We're now living in London but feel that it is as good a time as any to start planning for the next chapter in our adventure 

We'll be heading over a few times in the coming months (as flights and general travel hopefully start getting back to normal), but I was wondering if anyone had thoughts or comments about any particularly good places to consider in Tuscany?

I had proposed Siena as a good base, however, as we've got friends already living near Montecatini Terme I think we're now mainly looking in the northern part of the region.

Does anyone have views on the southern part of the Capannori area - it seems to be well placed for Lucca (20 mins away) and has some great hilltop towns too, as well as a good stock of properties that are not too remote either.

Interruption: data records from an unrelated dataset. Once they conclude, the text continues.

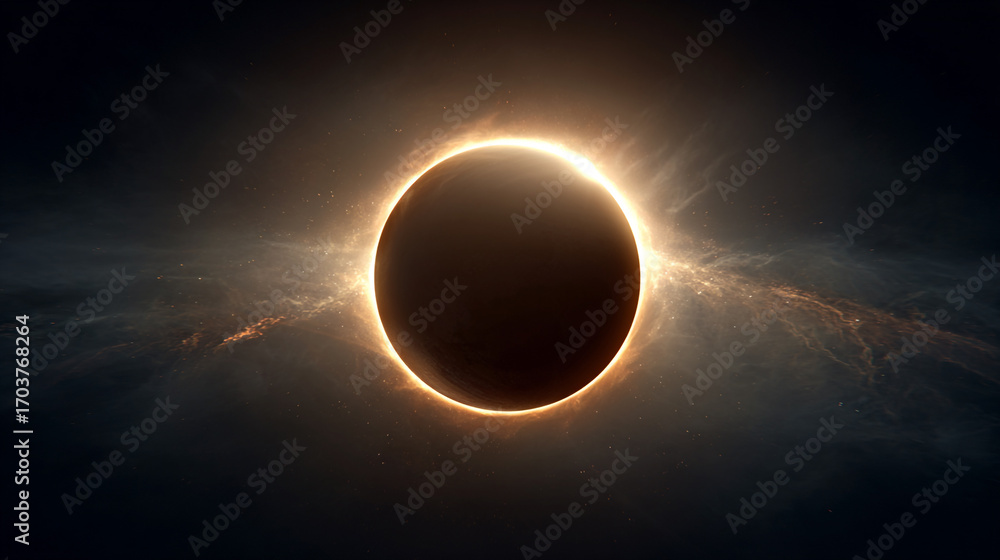 Obraz premium A dark planet encircled by a bright golden ring in space cosmic dust particles surrounding it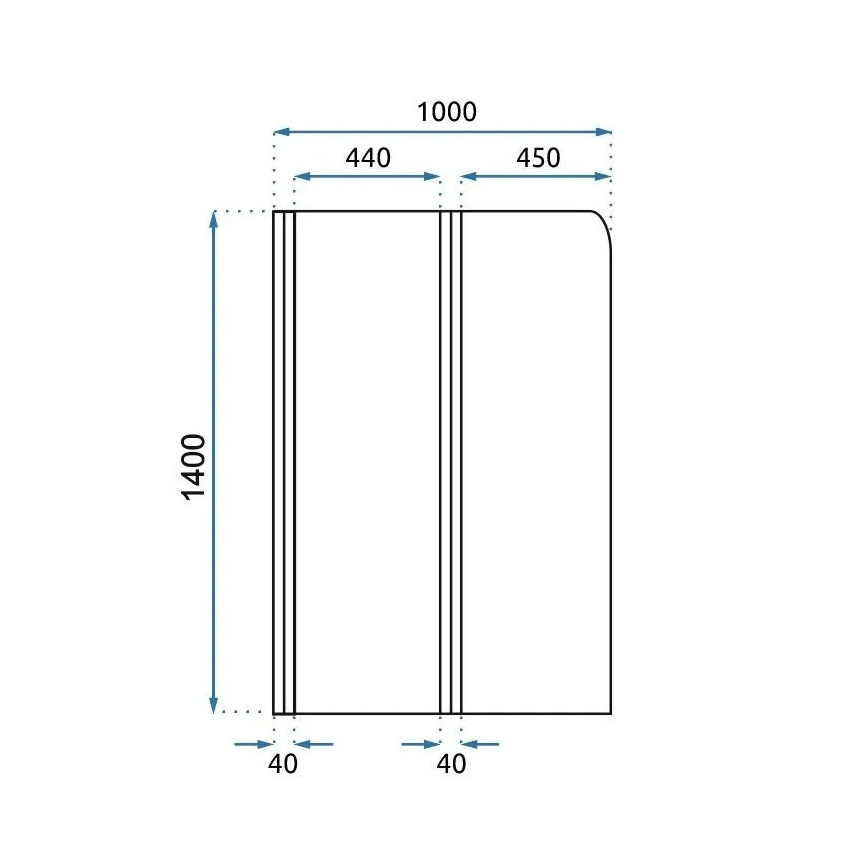 REA-K9777 - Kokkupandav vannisein AGAT 140x100 cm harjatud kuld/läbipaistev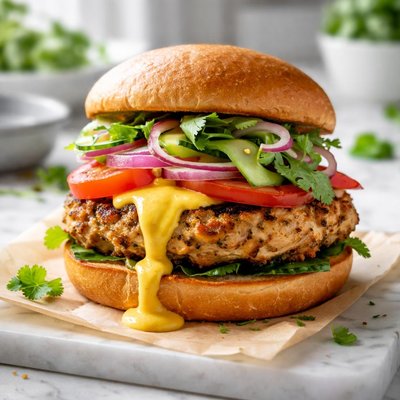 Image of Curried Chicken or Turkey Burger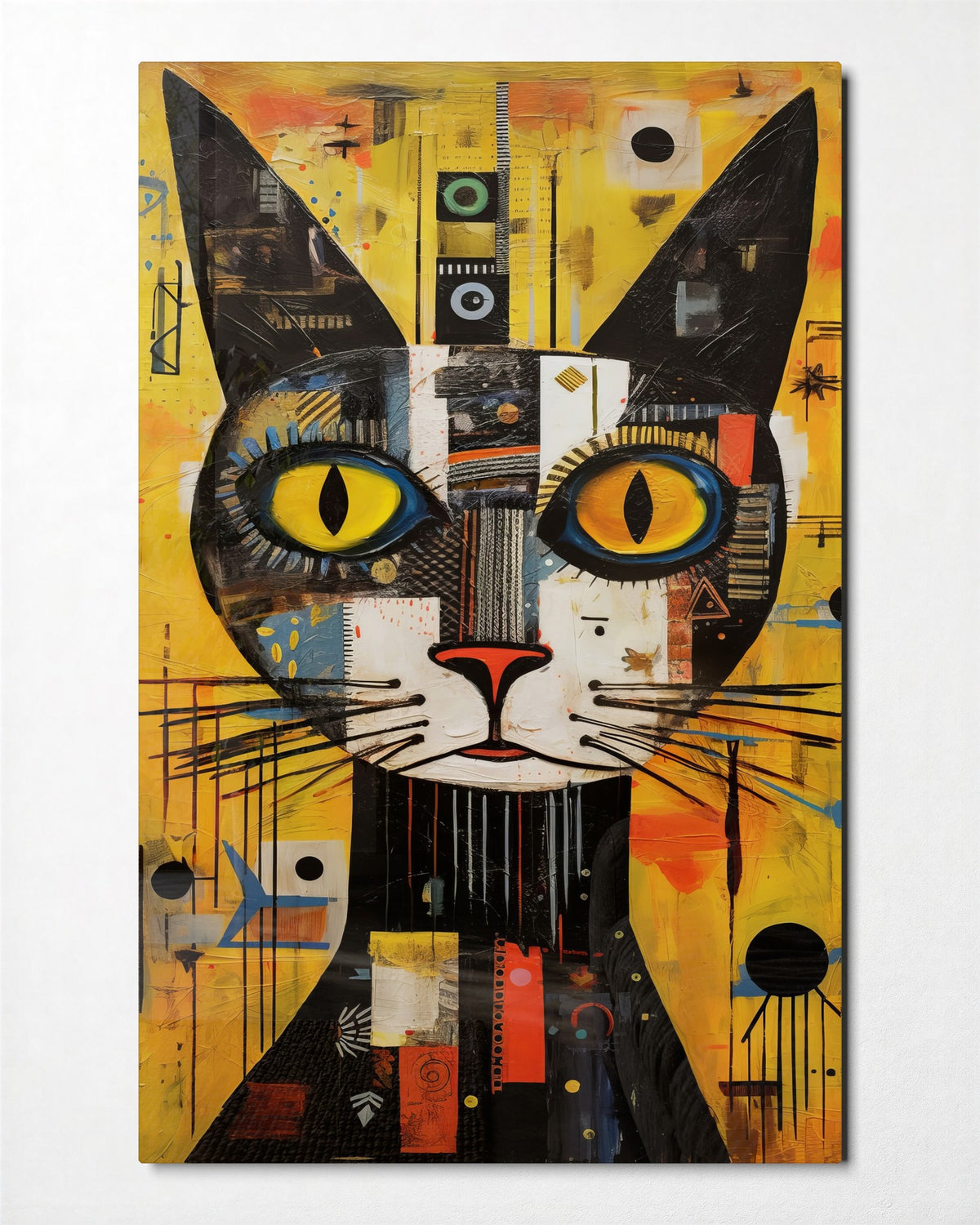 Yellow-Eyed Collage Cat glass wall art, front view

Grazie a tutti ed a presto!


----------



## NickZ (Jun 26, 2009)

Do you need to work? If so start with that. You'll want to live near your work.


----------



## Indigo_1234 (Sep 9, 2020)

Ciao Nick,

No, our work is mainly online, so we don't really need to live too close to any place for jobs.

One thing we do want to ensure is that there is a decent internet connection available, as I do remember this sometimes being a bit hit and miss in the past - have things improved in terms of the overall infrastructure / availability / speeds?


----------



## NickZ (Jun 26, 2009)

In cities or major towns these days 100 Mb/s fibre to the cabinet is likely considered bottom level. You may find 200 Mb/s in some areas. Maybe in Florence centre you might find a small amount of 1Gb/s service but I wouldn't count on it. Download speeds of course.

The further from the towns you move the more likely you'll have to live with DSL at 20Mb/s . For the same price.


----------



## ilsognatore (Aug 3, 2020)

A London friend has had a family house in Roggio (above Lucca) for several decades, so she knows the area very well. Happy to connect you if you'd like a chat.


----------